To get that, the total volume of email (magnitude 10) needs to be known - k*10^10=total. The general SenderBase stats on http://www.senderbase.org/ provide sufficient information with both magnitude numbers and the matching "Estimated Daily Volume (m)"illions for the top 20 domains and the top 20 IP addresses. The simplest estimate is found from the top domain - if (for example) magnitude 7.9 relates to 118.9 million messages, then k*10^7.9=118,900,000 or k=118,900,000/10^7.9 which is k=118,900,000/79,432,823 or k=1.496862 ... A better estimate is found by calculating and averaging for all 40 results displayed - which in an actual case (early August 8) came to k=1.507289 ... Another estimate using all 40 pairs of data can be found from the slope coefficient of the linear regression (correlation) between these variables. Using Excel's LINEST spreadsheet function with the intercept forced to zero gave a result of k= 1.535364 ... for this (same) data. This, though more complicated, is the estimate with the least associated error of estimate. For instance, the derivation of a 1890% difference between an IP address with a current daily average magnitude of 4.9 versus its average magnitude of 3.6 is a change from k*10^3.6 to k*10^4.9 messages per day. The following are for each of the estimates above: 1. Top Domain - increase from 5,959 to 118,900 (msg/d) 2. Average 40 - increase from 6,001 to 119,728 3. Regression - increase from 6,112 to 121,958 It is seen that in this instance the first and simplest estimate is close enough, the elaboration of "better" estimates of k adds little to the picture. (The simplest estimate is actually well within the probable error range of the "best" estimate.) The precision of the magnitude figures (1 decimal place) is insufficient to exactly replicate the percentage difference given in SenderBase - in other words, rounding errors are appreciable (though minor).
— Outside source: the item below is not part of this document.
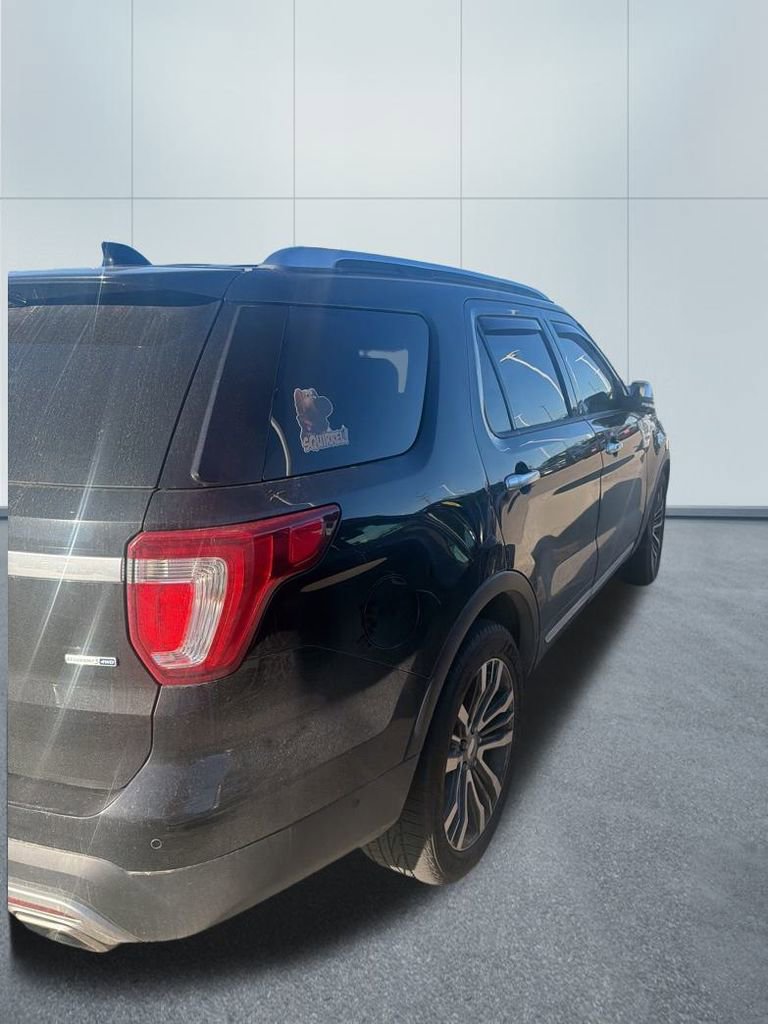 2017 Ford Explorer Platinum photo 2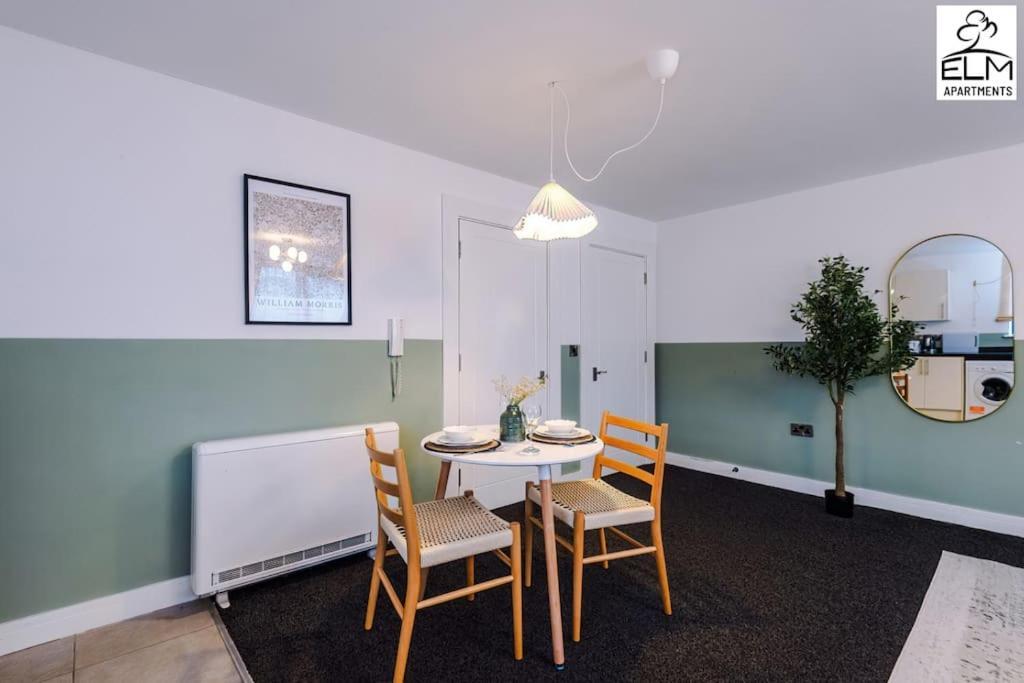 Cozy 1 Bedroom Apartment, Prime Location , Free Parking Manchester Extérieur photo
Note the estimated total daily volume in this example is variously 15.0 (U.S.) billion, 15.1 billion and 15.4 billion - k*10^10. This number is the basis of the day's magnitude calculations and is, as said, somewhat variable during the day and between days. -------------------- Plus ça change, plus c’est la même chose
|
| Jeff G. |
Aug 8 2005, 02:27 PM
Post
#4
|
|
T-shirt wearing out Group: Membersph Posts: 3730 Joined: 2-July 04 From: Northeast New Jersey (New York Metro Area), USA ... Please read my sig. :) Member No.: 2041 |
QUOTE(Farelf @ Aug 8 2005, 01:50 PM) Note the estimated total daily volume in this example is variously 15.0 (U.S.) billion, 15.1 billion and 15.4 billion - k*10^10. This number is the basis of the day's magnitude calculations and is, as said, somewhat variable during the day and between days. However, it is rather inconsistent with "the world's email message volume (approximately 10 billion messages/day)" as stated on both http://www.senderbase.org/?page=help and http://www.senderbase.org/search?page=help_magnitude.-------------------- Best Regards, Jeff G. (full signature)
|
| dbiel |
Aug 8 2005, 02:52 PM
Post
#5
|
|
Been There Group: Membersph Posts: 2453 Joined: 20-February 04 From: San Gabriel Valley CA USA (Los Angeles) Member No.: 447 |
QUOTE(Jeff G. @ Aug 8 2005, 12:27 PM) However, it is rather inconsistent with "the world's email message volume (approximately 10 billion messages/day)" as stated on both http://www.senderbase.org/?page=help and http://www.senderbase.org/search?page=help_magnitude. You need to remember that the 10 billion number comes from a static FAQ which is out of date and has not been updated (probably not since it was first created) and then it was most likely a very rough average.A note to Farelf, thankyou for a extremely well written explaination, probably a bit over many of our heads, but definately helps to clarify the issues and puts it into persepective, ie the exact numbers are unimportant, it is the trend in change of volume that is important which is provided in a simplied format. An increase of 100,000 messages a day may be a very important indicator of a spam problem for an IP whose average is only 1,000; but totally meaningless for a high volume IP -------------------- This forum is a user support forum. The Moderators and Forum Admin are volunteers (not paid) and have no special direct relationship with SpamCop.net.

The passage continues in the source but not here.